■ **Requirement**:
Look at the entries below and restate word for word the lines from the first through the one that has "上转换发光机理与发光材料整理".

[Records contained in a dataset]

------------------------------------------------

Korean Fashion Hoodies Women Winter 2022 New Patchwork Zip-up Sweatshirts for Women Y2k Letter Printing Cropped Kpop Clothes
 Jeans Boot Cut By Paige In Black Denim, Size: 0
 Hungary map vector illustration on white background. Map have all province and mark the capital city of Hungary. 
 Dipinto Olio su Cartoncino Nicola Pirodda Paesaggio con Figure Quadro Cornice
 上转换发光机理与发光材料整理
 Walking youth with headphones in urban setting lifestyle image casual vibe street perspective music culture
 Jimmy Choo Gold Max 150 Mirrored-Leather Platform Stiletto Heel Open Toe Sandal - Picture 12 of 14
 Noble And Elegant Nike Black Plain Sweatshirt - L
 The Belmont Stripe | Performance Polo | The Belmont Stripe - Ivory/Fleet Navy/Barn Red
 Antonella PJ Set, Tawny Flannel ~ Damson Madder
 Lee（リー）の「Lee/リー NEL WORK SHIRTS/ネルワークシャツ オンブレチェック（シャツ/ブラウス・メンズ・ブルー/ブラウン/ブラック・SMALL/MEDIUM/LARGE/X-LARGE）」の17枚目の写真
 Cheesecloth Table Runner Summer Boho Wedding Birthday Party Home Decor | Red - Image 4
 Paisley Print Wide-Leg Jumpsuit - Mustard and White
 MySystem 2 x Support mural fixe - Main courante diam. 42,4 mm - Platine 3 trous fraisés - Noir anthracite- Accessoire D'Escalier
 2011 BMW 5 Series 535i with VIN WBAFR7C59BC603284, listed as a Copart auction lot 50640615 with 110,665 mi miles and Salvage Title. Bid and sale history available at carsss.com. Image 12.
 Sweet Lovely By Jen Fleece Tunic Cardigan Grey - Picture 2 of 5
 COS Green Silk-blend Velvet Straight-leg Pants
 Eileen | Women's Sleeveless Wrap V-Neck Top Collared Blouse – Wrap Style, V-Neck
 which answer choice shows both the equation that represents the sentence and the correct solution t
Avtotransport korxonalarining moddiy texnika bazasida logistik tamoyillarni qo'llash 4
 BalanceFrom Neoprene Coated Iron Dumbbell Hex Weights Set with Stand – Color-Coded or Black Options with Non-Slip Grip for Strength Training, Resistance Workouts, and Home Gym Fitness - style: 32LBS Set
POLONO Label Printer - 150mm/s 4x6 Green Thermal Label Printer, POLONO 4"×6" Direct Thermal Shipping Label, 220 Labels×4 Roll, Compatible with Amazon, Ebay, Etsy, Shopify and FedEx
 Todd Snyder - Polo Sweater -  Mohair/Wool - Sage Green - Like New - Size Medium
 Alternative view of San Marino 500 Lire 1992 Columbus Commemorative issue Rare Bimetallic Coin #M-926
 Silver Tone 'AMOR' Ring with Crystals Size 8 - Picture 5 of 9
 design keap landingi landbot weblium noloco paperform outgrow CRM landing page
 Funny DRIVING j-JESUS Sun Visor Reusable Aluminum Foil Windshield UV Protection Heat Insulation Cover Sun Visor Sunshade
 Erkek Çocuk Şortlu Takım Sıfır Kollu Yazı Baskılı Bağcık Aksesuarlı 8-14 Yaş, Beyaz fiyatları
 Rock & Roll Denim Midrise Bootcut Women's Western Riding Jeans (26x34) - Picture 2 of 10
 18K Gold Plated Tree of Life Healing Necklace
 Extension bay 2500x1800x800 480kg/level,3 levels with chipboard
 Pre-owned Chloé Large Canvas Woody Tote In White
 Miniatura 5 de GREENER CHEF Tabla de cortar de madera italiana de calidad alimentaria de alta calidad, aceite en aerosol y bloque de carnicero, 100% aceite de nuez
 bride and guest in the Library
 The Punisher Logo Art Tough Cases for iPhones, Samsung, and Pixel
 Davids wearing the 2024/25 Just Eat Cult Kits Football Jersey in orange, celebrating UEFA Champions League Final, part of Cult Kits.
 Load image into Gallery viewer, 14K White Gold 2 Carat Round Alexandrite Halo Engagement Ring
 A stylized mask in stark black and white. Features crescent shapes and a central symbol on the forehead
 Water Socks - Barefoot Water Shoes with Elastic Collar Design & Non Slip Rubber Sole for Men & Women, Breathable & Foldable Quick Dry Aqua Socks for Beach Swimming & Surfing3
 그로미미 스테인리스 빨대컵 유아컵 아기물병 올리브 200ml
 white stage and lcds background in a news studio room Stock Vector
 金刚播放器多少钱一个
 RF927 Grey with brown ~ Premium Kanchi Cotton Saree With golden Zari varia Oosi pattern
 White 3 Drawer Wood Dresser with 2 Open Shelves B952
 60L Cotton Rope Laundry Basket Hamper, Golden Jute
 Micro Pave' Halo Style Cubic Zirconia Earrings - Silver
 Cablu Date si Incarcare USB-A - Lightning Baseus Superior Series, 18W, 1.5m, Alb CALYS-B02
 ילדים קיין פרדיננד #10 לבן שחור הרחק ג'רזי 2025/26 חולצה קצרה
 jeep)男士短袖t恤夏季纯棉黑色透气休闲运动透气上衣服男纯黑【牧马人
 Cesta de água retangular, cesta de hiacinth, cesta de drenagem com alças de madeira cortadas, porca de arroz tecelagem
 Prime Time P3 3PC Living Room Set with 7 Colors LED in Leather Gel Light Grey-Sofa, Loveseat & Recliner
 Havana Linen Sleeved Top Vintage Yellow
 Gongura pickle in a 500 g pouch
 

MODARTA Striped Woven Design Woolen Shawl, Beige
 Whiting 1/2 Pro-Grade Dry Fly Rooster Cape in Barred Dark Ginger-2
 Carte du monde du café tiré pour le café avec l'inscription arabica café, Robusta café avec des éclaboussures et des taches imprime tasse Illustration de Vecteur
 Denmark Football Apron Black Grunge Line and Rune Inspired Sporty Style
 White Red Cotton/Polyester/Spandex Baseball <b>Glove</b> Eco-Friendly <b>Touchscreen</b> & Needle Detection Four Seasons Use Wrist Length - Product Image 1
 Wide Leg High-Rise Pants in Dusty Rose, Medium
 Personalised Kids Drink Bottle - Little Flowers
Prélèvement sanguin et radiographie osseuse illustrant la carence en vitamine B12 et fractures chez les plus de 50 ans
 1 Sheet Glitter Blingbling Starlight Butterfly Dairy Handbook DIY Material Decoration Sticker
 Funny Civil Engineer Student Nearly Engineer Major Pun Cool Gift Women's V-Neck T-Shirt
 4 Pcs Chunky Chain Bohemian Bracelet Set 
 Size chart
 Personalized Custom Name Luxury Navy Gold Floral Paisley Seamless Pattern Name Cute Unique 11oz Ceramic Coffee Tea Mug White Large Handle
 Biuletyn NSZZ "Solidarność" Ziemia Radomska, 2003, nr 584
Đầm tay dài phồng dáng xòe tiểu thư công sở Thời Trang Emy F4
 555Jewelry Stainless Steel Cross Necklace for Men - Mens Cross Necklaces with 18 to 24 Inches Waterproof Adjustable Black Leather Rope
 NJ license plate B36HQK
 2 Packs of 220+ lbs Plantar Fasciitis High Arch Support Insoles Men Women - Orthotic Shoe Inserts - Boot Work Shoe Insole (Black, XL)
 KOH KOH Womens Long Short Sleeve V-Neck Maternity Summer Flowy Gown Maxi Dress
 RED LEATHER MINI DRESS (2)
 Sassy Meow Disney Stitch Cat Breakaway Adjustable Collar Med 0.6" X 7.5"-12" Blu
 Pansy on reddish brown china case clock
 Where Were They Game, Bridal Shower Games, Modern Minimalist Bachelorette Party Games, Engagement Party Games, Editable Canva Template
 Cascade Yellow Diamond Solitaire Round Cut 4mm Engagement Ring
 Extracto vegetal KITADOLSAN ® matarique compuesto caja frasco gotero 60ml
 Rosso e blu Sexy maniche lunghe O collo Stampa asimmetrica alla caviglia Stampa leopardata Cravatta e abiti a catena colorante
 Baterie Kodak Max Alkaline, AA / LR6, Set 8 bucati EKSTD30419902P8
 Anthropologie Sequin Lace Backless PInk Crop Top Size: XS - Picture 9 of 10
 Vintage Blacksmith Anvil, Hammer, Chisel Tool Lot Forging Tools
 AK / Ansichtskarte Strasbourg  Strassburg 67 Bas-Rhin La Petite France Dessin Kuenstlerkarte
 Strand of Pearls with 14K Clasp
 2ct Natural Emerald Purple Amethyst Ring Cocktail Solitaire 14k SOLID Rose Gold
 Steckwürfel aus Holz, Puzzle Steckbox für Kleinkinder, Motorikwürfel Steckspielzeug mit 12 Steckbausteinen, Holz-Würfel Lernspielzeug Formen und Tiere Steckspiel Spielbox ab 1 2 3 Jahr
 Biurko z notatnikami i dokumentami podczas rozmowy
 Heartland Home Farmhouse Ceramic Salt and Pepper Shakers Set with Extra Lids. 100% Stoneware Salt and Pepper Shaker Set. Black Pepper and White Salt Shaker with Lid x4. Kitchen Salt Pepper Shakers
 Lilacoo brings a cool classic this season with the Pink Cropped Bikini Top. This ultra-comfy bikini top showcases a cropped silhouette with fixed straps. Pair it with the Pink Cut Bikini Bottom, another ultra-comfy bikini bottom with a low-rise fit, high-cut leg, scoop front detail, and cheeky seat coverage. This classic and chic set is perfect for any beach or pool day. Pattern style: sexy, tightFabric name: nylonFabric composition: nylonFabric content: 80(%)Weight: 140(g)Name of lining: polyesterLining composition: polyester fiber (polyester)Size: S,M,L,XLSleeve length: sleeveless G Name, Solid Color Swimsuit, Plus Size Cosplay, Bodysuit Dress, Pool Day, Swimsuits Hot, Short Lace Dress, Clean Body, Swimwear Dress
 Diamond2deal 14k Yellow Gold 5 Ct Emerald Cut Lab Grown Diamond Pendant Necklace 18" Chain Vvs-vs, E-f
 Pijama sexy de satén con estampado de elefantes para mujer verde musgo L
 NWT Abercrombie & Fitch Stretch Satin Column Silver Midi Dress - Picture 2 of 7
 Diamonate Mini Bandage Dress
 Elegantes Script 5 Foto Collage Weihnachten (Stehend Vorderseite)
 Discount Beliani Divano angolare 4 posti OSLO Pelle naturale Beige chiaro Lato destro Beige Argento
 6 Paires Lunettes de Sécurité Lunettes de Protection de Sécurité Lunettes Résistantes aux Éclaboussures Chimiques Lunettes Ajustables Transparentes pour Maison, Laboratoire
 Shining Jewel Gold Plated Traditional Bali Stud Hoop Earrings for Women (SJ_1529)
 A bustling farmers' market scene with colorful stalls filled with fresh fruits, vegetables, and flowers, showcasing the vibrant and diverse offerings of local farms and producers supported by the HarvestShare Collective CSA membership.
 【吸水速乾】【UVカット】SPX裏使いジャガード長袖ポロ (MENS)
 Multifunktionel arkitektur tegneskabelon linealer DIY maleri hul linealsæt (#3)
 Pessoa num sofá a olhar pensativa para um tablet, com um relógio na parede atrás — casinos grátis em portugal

------------------------------------------------

■ **Answer to this task**:
Korean Fashion Hoodies Women Winter 2022 New Patchwork Zip-up Sweatshirts for Women Y2k Letter Printing Cropped Kpop Clothes
 Jeans Boot Cut By Paige In Black Denim, Size: 0
 Hungary map vector illustration on white background. Map have all province and mark the capital city of Hungary. 
 Dipinto Olio su Cartoncino Nicola Pirodda Paesaggio con Figure Quadro Cornice
 上转换发光机理与发光材料整理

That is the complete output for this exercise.